You’ve got to keep a sense of proportion, Miss Ranskill, there’d be nothing to laugh at else.

She too was a fool in the company of at least one other fool, and for the first time during the journey she felt the warmth of companionship.

The young airman in the far corner of the carriage was asleep. There were dark shadows under his eyes and his mouth was restless. It must be odd to him to be travelling like this. He and his kind were evolving slowly into a race apart. Engendered just before the last war, they were already incomprehensible and remote. They had seen what none but their generation could see – cities burning below them and the bowl of the stars above. The wings of Icarus melted when he was still young. What would happen to these men when the money they had been used to burn in the air was dissipated to other purposes? How would they, who had seen the ten-acre meadows as inch-wide patches for a county’s quilt with the warp and weft of streams and hedges no thicker than rows of stitching, keep the bounds of a counter in the years to come and employ their fingers to cut patterns of crêpe-de-Chine for customers?

Miss Ranskill remembered their fathers in the days after the last war. So many of them had journeyed through the valley of humiliation, worn smooth by the steps of commercial travellers; and had waited diffidently on doorsteps to sell vacuum cleaners and gimcrack gadgets. Fingers that had gripped joy-sticks had closed gratefully on the tips of war profiteers at petrol-filling stations.

To the young airman, asleep in his corner, the war must be a dream – half nightmare, half enchantment: perhaps even now he dreamed of the awakening.

The sailor beside the airman was leaning forward a little so that his view through the window was not interrupted. He was not such a puzzle to Miss Ranskill. She too had looked at the sea until her eyes had ached for the grey of a ship to break the greater grey of water, and her own eyes now showed the same network at the corners. He had the scoured look that makes every seaman ashore appear more immaculate than his civilian fellows. The unconfined muscles of his neck showed arrogantly above his collar and the straight line of his flannel. He was taking his fill of the land, but he looked rather bored by it. Suddenly Miss Ranskill remembered that in all her life she had never seen a sailor in a field.

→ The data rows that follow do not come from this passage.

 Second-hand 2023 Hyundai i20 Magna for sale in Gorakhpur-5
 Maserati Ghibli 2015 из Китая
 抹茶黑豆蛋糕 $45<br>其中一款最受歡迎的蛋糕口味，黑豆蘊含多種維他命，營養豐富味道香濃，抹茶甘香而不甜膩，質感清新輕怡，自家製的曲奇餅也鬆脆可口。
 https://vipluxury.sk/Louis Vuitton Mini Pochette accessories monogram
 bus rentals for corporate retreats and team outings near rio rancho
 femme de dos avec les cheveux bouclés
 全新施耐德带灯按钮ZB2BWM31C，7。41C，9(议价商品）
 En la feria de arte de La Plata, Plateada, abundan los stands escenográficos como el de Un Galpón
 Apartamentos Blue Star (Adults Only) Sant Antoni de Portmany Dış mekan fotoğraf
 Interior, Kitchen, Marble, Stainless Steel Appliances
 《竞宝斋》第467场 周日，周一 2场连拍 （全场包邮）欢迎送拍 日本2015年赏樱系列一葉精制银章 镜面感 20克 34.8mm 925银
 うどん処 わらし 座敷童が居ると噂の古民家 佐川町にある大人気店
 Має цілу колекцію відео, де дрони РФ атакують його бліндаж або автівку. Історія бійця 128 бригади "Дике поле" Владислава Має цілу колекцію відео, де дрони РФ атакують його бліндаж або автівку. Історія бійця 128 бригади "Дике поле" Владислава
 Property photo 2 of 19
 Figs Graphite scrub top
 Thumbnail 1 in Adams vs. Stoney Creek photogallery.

She wondered if there were any sea-superstition that banned meadows as unlucky, wondered what the sailor would reply if she asked him, imagined the astonishment of the other passengers supposing she did, and laughed out loud.

Now on a desert island one may laugh as freely and inconsequently as one chooses, and very slight things serve to amuse. The expression of a gull may remind one of a woman in the village at home, its gait and consequential air of someone about to open a bazaar. The astonished eyes of a crab may seem funny. Memory too plays such an important part in desert island life that one is ready and eager to be amused.

When we’ve given over remembering how to laugh, Miss Ranskill, we’ll be no better than the fishes. Many’s the time I’ve laughed out loud before you was washed ashore to cheer me up, and many’s the time I burst out laughing still even when I’m in one cove and you’re in another. Laughter’s the only thing that keeps one sane to my way of thinking.